What the Secretary for Public Administration did recently in the Legislative Assembly (AL) served Macau poorly. We all suspect corruption in the local Administration is vertiginous. And we sense it because there are countless signs, even though the CCAC continues to examine smaller fish. Sharks, when the scent of an investigation begins, have time to dissolve assets, transfer resources and slowly leave the scene.
From the Publisher’s Desk
By Paulo A. Azevedo | Founder and Publisher
An early retirement, a good-bye for health or even family reasons. While others, with matters more pressing, hurriedly leave the MSAR and for good in search of greener pastures. To places like Portugal. Scenarios that fortunately are not widespread. Honest individuals will leave, too, for legitimate reasons. Because they cannot agree with the system and are unable to overcome it, opting for a quality of life that a quiet conscience provides them with despite the hit to the pocket. We would like to think that in spite of everything the latter are in the majority. But if they were, the system would change. So . . .

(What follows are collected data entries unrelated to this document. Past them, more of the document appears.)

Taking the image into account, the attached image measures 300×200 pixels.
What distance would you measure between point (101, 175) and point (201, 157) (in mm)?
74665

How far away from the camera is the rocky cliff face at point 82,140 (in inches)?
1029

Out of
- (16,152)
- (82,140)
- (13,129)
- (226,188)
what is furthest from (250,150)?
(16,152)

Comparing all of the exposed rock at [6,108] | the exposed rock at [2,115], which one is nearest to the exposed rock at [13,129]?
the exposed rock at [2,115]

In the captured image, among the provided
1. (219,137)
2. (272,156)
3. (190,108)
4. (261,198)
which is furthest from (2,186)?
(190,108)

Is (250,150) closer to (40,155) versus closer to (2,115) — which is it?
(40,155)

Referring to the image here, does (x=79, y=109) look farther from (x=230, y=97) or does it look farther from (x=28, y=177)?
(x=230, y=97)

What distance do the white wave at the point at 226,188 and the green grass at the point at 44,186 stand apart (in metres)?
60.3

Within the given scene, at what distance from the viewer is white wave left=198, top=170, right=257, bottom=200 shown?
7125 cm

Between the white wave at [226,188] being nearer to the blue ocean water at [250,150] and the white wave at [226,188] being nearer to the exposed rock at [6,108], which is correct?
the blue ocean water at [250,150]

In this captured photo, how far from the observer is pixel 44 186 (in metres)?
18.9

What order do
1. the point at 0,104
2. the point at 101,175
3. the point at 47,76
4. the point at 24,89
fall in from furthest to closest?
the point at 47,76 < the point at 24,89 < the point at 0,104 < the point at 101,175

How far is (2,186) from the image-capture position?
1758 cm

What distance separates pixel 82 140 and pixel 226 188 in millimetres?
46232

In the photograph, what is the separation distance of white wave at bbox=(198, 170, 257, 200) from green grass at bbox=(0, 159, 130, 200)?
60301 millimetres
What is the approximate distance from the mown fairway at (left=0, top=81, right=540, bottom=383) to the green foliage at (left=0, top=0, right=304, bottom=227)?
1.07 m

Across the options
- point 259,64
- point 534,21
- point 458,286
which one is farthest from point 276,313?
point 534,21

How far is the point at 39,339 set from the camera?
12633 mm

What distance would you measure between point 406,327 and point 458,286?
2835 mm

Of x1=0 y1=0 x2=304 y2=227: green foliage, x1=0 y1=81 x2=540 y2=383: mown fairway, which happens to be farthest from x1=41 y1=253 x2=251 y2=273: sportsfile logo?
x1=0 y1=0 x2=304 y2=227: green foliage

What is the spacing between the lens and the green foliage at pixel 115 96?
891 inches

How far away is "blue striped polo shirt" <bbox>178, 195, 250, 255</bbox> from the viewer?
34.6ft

Sonia Chan, the Secretary for responsibilities and power to ‘cure’ the biggest cancer of any Administration has demonstrated “openness” in the AL to the possibility of instituting a special council for discipline pertaining to public servants. But soon after stated that it would be “complicated”.
Ah, no doubt about it. It will be very complicated indeed. Especially without the necessary political will. And there is no political will because if there were investigations worthy of that name a world of problems would await discovery . . .
Adopting the most insightful of phrases of the Secretary of the Administration we learn: “Each manager has the responsibility to supervise his/her subordinates”.
My dear Secretary, believe what we tell you – even though you know for sure that you know it well: the problem – the big problem – is not the frontline staff. Who is trying to divert a minor civil servant with limited power from the path of honesty? Maybe someone who needs a little favour? It is the great favours and the biggest dishonest deals that have to be eliminated first. And these are not decided by subordinates.
But thanks for the talk. The position of the government and yours is clear, although we already knew it. It’s for the annals of history. It will not do any good now but will explain to future generations why Macau has continued on the path of opacity.
Daisy Ho agrees with what I’ve been espousing for many years. At G2E Asia, a gaming show here, the Chairman and Executive Director of SJM Holdings Limited was very clear.
“The six important tasks for Macau tourism and leisure are to enhance local infrastructure, increase lodging capacity, add more non-gaming attractions, develop local human resources to keep up with leadership opportunities, promote a green economy in tourism, avoid over-tourism and move the customer base up-market”.
Some of these tasks have been addressed but others lag behind.
Ms. Ho didn’t say it, and we all know why, but I don’t mind saying it for her, risking having her share again opinions that have long belonged in the public domain. Well, maybe not so public since some government thinkers continue to pretend planning is not needed; work can be done next year, and all is well because we love the Motherland . . .
But let’s add some numbers to these thoughts, so we will not be judged by writing unsubstantiated opinions.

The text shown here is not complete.